Evviva il Re delle Zucche!

Oggi si vedono in giro numerose manifestazioni di fastidio nei confronti della festa di Halloween.

Addirittura, mi ritrovo persone che tirano in ballo una presunta sardità da difendere non festeggiando Halloween.

” Non è la nostra tradizione” è il loro ritornello.

Tralasciamo una ricerca di sardità incastrata negli stereotipi “visibili” quali la berritta e non in un modo di vedere il mondo che è ciò che realmente identifica un popolo, vale la pena di fare un post separato a riguardo.

Mi chiedo, al di là di queste considerazioni, cosa per questi signori sia “una tradizione”. In migliaia di anni di dominazioni abbiamo assorbito tratti peculiari delle genti di mezzo mondo: quando la domenica mangiate “una pasta” abbiate la consapevolezza che non è una tradizione sarda, l’abbiamo importata “dal continente”. La sartiglia è una festa spagnola, così come la maschera degli issocadores. Le launeddas si ritrovano in bassorilievi celtici e germanici…

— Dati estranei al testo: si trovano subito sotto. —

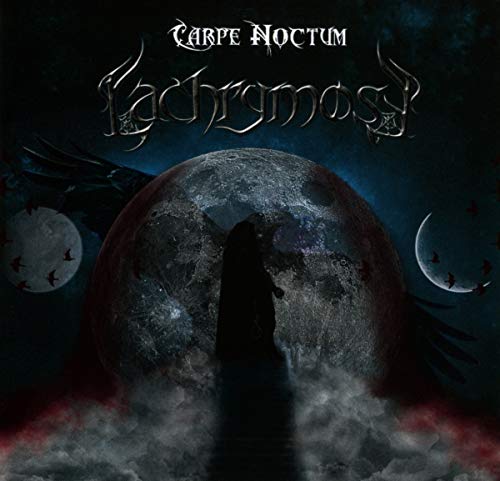 CD cover: dark figure before a large moon, with ravens and mist.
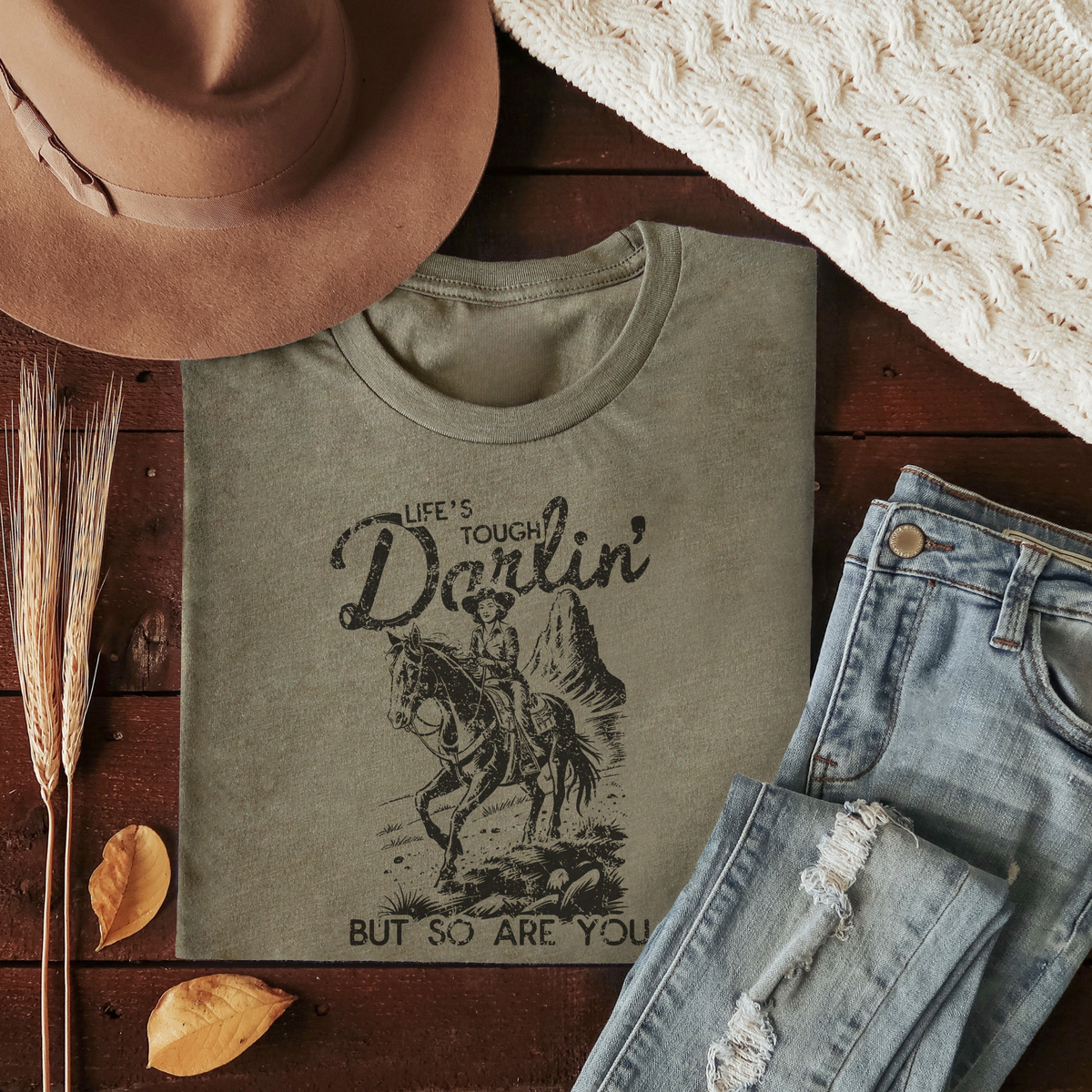 Life's Tough Darlin Western Graphic Tee | Vintage Cowgirl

Esattamente quando è che si crea una “tradizione”? Quando diventa moralmente accettabile trasformare una pratica consolidata in una tradizione, o abbandonare il vecchio per il nuovo perché ci piace? I nostri avi erano molto meno schizzinosi di noi nell’abbracciare una festa o una pratica nuova, altrimenti di “tradizioni” non ne avremmo alcuna.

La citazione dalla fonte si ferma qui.